Ten days comprise a Faerûnian week, also known as a tenday or, less commonly, a ride. The individual days of the tenday do not have names. Instead, they're referred to by number: first-day, second-day, and so on. Most folk start counting using their thumb as first-day, but halflings are famous for using their pinkies to count first-day, so much so that the phrase "counting like a halfling" means that someone is being different just to be difficult.

The Hours of the Day

Timepieces are very rare, and most people break up the day into ten large slices - dawn, morning, highsun (or noon), afternoon, dusk, sunset, evening, midnight, moondark (or night's heart), and night's end.

In large cities, the tolling of temple bells replace the more casual accounting of the day's passage. Several major faiths attempt to measure time more accurately. The priests of Gond treasure their mechanical clocks and delight in sounding them for all to hear. Lathanderians assign acolytes to watch sundials, carefully adjusted by years of observation of the sun's movements in the sky. Traditionally, the hours are numbered 1 to 12 twice, and the bells sound once for each hour on the hour. "Twelve bells" is virtually interchangeable with "midnight" or "highsun", depending on the context.

The Calendar of Harptos

Most of Faerûn uses the Calendar of Harptos, named after the long dead wizard who invented it.

Each year of 365 days is divided into 12 months of 30 days, and each month is divided into three tendays. Five special days fall between the months. These annual holidays mark the seasons or the changing of the seasons.

The Calendar of Harptos
Month Name Common Name
  1 Hammer Deepwinter
Annual Holiday: Midwinter
  2 Alturiak The Claw of Winter
  3 Ches The Claw of the Sunsets
  4 Tarsakh The Claw of the Storms
Annual Holiday: Greengrass
  5 Mirtul The Melting
  6 Kythorn The Time of Flowers
  7 Flamerule Summertide
Annual Holiday: Midsummer
  8 Eleasis Highsun
  9 Eleint The Fading
Annual Holiday: Highharvestide
  10 Marponeth Leaffall
  11 Uktar The Rotting
Annual Holiday: The Feast of the Moon
  12 Nightal The Drawing Down


The Calendar of Harptos - Picture




Seasonal Festivals
Five times a year the annual holidays are observed as festivals and days of rest in almost every civilized land. Each seasonal festival is celebrated differently, according to the traditions of the land and the particular holiday.

  • Midwinter:   Nobles and monarchs greet the halfway point of winter with a feast day they call the High Festival of Winter. Traditionally it's the best day to make or renew alliances. The common folk enjoy the celebration a bit less - among them it's called Deadwinter Day, noted mainly as the halfway point of winter, with hard times still to come.

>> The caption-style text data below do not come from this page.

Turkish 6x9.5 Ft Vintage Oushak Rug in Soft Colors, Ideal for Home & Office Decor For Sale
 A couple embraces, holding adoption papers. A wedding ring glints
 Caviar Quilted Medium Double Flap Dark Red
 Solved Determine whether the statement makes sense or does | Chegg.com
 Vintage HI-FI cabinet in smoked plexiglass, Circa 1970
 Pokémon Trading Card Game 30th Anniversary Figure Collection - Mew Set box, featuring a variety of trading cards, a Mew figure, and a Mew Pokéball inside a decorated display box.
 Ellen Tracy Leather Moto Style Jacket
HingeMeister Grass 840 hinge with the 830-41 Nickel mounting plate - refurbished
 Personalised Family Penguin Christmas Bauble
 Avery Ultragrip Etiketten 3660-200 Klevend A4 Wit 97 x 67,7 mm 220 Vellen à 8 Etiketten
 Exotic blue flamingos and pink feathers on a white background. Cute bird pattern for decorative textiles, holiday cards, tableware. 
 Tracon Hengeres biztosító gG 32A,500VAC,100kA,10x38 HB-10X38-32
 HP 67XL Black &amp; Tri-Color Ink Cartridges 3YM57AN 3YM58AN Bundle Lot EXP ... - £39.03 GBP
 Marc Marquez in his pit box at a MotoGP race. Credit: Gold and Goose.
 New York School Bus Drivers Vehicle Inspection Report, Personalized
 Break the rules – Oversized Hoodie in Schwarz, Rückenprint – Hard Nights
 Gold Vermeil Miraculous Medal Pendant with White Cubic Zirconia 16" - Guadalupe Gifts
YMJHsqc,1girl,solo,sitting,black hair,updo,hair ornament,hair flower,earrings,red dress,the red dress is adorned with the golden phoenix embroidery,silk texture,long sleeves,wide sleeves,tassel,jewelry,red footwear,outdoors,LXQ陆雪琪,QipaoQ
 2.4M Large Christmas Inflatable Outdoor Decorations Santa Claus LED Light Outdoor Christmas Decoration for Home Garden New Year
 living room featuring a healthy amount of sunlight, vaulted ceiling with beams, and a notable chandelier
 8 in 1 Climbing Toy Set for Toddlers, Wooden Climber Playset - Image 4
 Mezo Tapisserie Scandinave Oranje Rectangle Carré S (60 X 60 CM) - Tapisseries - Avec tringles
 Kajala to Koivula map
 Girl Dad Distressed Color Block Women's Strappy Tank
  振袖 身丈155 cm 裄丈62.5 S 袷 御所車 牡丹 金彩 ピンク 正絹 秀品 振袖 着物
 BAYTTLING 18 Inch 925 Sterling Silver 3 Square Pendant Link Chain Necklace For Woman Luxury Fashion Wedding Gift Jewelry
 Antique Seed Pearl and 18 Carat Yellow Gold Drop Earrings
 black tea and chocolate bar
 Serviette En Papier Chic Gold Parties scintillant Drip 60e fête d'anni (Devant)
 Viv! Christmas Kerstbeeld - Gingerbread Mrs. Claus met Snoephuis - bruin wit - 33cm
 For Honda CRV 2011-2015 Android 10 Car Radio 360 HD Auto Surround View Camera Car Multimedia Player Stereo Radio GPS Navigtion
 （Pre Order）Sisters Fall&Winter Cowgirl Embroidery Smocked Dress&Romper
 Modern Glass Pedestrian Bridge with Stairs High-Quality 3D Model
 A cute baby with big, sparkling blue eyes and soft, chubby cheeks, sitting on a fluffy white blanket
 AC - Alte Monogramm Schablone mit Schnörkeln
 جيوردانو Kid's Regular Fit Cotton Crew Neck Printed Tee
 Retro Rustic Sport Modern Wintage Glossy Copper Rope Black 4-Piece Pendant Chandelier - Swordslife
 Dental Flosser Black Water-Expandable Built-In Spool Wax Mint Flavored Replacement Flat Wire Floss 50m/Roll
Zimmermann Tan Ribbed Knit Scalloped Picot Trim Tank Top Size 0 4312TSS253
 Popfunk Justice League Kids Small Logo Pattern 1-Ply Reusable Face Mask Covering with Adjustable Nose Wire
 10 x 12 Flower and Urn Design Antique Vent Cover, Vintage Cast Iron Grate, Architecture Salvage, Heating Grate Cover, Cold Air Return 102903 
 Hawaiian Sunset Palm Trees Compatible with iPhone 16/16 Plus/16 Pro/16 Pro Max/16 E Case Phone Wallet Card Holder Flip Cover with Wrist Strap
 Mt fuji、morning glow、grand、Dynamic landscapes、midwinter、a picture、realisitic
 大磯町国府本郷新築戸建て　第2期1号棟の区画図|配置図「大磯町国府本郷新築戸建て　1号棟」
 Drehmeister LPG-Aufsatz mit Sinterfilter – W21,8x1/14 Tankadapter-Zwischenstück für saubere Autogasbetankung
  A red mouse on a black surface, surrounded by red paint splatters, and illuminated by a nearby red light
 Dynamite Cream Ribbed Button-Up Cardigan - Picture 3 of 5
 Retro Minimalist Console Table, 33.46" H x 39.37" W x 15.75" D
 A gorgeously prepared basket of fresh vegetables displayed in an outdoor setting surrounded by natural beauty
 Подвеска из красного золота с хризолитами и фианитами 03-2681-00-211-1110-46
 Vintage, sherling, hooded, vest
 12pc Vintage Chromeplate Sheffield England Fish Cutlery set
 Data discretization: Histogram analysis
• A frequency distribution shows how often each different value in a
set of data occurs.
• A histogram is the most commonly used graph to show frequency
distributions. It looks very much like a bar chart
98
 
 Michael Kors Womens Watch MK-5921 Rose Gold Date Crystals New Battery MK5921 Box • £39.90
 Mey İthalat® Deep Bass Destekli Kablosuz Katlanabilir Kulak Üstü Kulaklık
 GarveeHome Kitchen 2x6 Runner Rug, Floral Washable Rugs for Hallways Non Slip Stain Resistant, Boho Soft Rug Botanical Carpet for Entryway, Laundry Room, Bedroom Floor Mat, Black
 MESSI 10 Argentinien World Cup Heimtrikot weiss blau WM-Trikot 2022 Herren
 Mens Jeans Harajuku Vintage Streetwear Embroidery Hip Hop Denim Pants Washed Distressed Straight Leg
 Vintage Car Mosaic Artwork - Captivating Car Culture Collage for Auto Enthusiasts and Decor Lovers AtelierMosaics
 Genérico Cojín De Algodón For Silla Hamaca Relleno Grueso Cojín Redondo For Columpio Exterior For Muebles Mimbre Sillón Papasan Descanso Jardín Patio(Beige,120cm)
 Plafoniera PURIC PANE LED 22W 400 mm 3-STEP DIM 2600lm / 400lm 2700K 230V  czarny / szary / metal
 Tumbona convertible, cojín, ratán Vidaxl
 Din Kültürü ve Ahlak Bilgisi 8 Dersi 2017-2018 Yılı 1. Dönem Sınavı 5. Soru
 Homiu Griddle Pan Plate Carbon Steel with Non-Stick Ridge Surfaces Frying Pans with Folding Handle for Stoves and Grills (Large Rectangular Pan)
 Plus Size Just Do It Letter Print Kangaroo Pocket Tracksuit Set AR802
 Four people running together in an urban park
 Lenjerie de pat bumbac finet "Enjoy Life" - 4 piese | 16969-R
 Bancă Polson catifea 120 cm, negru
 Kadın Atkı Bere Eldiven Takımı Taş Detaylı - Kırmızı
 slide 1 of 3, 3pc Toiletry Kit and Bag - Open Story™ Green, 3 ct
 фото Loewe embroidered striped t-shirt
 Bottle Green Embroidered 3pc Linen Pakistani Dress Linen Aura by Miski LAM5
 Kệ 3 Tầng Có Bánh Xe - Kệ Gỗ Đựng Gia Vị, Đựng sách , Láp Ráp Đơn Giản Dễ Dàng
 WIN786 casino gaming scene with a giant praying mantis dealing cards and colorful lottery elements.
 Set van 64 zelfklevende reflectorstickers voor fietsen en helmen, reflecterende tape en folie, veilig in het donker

  • Greengrass:   The official beginning of spring is a day of peace and rejoicing. Even if snow still covers the ground, clerics, nobles, and wealthy folk make a point of bringing out flowers grown in special rooms within temples and castles. They distribute the flowers among the people, who wear them or cast them upon the ground as bright offerings to the deities who summon the summer.

  • Midsummer:   Midsummer night is a time of feasting and music and love. Acquaintances turn into dalliances, courtships turn into betrothals, and the deities themselves take a part by ensuring good weather for feasting and frolicking in the woods. Bad weather on this special night is taken as an omen of extremely ill fortune to come.

  • Highharvestide:   This holiday of feasting to celebrate the autumn harvest also marks a time of journeys. Emissaries, pilgrims, adventurers, and everyone else eager to make speed traditionally leave on their journeys the following day - before the worst of the mud clogs the tracks and the rain freezes into snow.

  • The Feast of the Moon:   The Feast of the Moon celebrates ancestors and the honored dead. Stories of ancestors' exploits mix with the legends of deities until it's hard to tell one from the other.

    Shieldmeet
    Once every four years, Shieldmeet is added to the Faerûnian calendar as a "leap day" immediately following Midsummer night. Shieldmeet is a day of open council between the people and their rulers. It is a day for making or renewing pacts and for proving oneself in tournaments. Those not seeking advancement treat the elite's tournaments, duels, and trials of magical prowess as welcome additions to the holiday's theatrical and musical entertainments.

    In the Dales, a great Shieldmeet celebration is planned in the town of Essembra in Battledale this year. Other regions of Faerûn have planned festivals ranging from the somber to the outrageous.